The Role of the Y and Z Hepatic Proteins in the Excretion of Radiographic Contrast Materials

The Y and Z proteins, found only in the liver and the mucosa of the small intestine, bind bilirubin, bromosulfophthalein, and certain other organic anions and may be responsible for the preferential hepatic uptake and biliary excretion of these compounds. Experiments show that two cholecystographic contrast media, iopanoic acid and iodipamide, bind to the Y and Z proteins, while iothalamate, a representative urographic contrast agent, does not, indicating that these proteins may be important in determining the pathway of excretion of contrast material.
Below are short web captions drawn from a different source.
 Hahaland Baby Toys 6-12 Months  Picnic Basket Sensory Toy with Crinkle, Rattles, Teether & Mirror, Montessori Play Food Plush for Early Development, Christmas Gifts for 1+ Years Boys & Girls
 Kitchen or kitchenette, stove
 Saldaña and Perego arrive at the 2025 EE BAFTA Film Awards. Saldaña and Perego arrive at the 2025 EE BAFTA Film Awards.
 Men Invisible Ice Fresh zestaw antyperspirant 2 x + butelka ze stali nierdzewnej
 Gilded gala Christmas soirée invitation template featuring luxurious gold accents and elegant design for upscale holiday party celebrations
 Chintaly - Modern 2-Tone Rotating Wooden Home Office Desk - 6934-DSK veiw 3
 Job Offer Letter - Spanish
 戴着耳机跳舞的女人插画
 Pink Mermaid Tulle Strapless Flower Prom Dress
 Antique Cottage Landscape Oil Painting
The plasma contact system in atopic asthma

An in vitro test for the rate of appearance of kallikrein in plasma due to contact system activation by dextran sulfate at 0 degree C was applied to plasmas of 19 atopic asthma patients and 19 age- and sex-matched controls without atopy. The average prekallikrein activation rate was markedly higher in the plasmas of the atopic patients. Mean endogenous heparin levels were also elevated.

Development of Contrast Media Idiosyncrasy in the Dog

A laboratory dog exhibited an altered response to injections of sodium iothalamate. This idiosyncratic response may have been predicated on an earlier series of iothalamate injections. The overt manifestations of the reactions in this dog were vomiting, hypotension, and hyperreflexia. Significant changes in several electrolyte components and serum complement levels were noted when the dog reacted to the contrast material.